La domanda è: come mai, a distanza di quasi vent’anni da queste affermazioni sacrosante, così tante aziende fanno ancora così fatica a “trovare una voce umana” per relazionarsi con il pubblico che sperano di raggiungere?

Il problema, secondo me, non ha a che fare con la “tecnica” di comunicazione ma con quello che c’è a monte: cioè l’atteggiamento mentale di chi sta in azienda. Il tema non è come si parla, ma come “si pensa” la relazione con gli altri.

Ecco tre punti di attenzione, per manager e imprenditori, su cui vale la pena riflettere. Sono tre nemici mortali della comunicazione “umana” (cioè efficace):

  1. L’egocentrismo 
  2. La superbia
  3. La pigrizia

1. L’egocentrismo

Ovvero parlo solo di me. Nella mia comunicazione, sul mio sito, nelle mie brochures, nelle riunioni di business, nelle presentazioni alla stampa, parlo sempre di me. E quasi mai di te, caro cliente presente o futuro. Sono davvero innamorato di me, della mia azienda, dei miei prodotti, del mio successo. Solo alla fine (di una pagina web, di una brochure, di uno speech) magari butto lì due frasi su di te, sui tuoi bisogni, magari faccio una domanda aperta, perché mi hanno spiegato che “mostrarsi in ascolto” è molto trendy. Ma la gente ha già capito che fai finta… La gente è sempre più sveglia, ormai.

2. La superbia

Un sentimento che spinge l’azienda a guardare il mondo dall’alto in basso. Perché io sono “grande e famoso” e tu, mio futuro cliente, sei piccolo e sconosciuto. E quindi devi ascoltarmi. E’ l’atteggiamento di chi pensa di avere la verità in tasca. E te lo fa pesare. “Tirarsela” fa parte della cultura  aziendale? Peccato per te: sempre meno gente è attratta da aziende così, da brand così, da manager così. Tirarsela è un atteggiamento vecchio e da gente insicura. Non te n’eri ancora accorto?

3. La pigrizia

Derivato della superbia. Se ho la verità in tasca penso di avere già tutte le risposte. E quindi non mi sforzo di capire davvero il mercato, cioè di osservare la gente vera che c’è la fuori, i suoi bisogni, le sue ansie, cos’è che li fa sognare e cosa li tiene svegli la notte. Fare ricerca, osservare, ascoltare i feedback che i clienti ti danno (sia online che offline): tutto questo non è “una seccatura”, ma un atteggiamento umile che genera aziende capaci di relazionarsi davvero con il loro pubblico. E quindi di produrre una comunicazione significativa e interessante.

Tutte le aziende, periodicamente, scivolano su uno di questi atteggiamenti (alcune su tutti e tre insieme). Ma si può imparare anche un’attitudine diversa.

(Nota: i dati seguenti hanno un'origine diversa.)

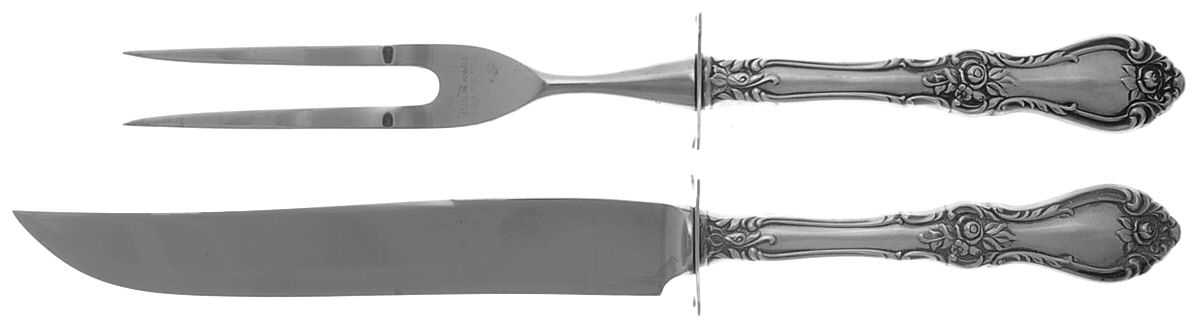 Royal Rose (Sterling, 1962) Small Steak 2-Piece Carving Set w/Stainless Blade by Wallace Silver-1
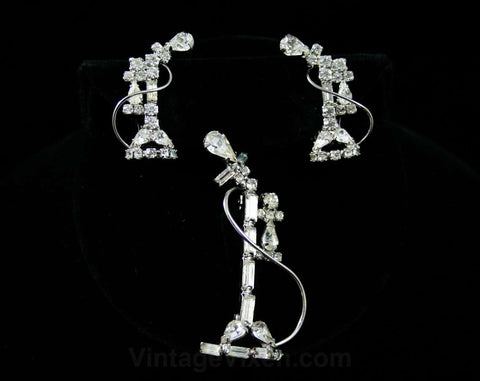 Old Fashioned Telephone Jewelry - 1950s Novelty Pin & Earrings - Rhinestones - Receptionist Look - Secretary Style - Glam - Sparkly -42427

La comunicazione “umana”, che sa risuonare davvero con chi ti legge o ti scolta, nasce quando l’azienda si mette finalmente sullo stesso piano dell’interlocutore: e quindi un po’ parla e un po’ ascolta. E dimostra così un sincero interesse verso chi ha di fronte. Proprio come una buona conversazione fra due persone, una sera a cena. Che finisce con la voglia di rivedersi, alla prossima cena.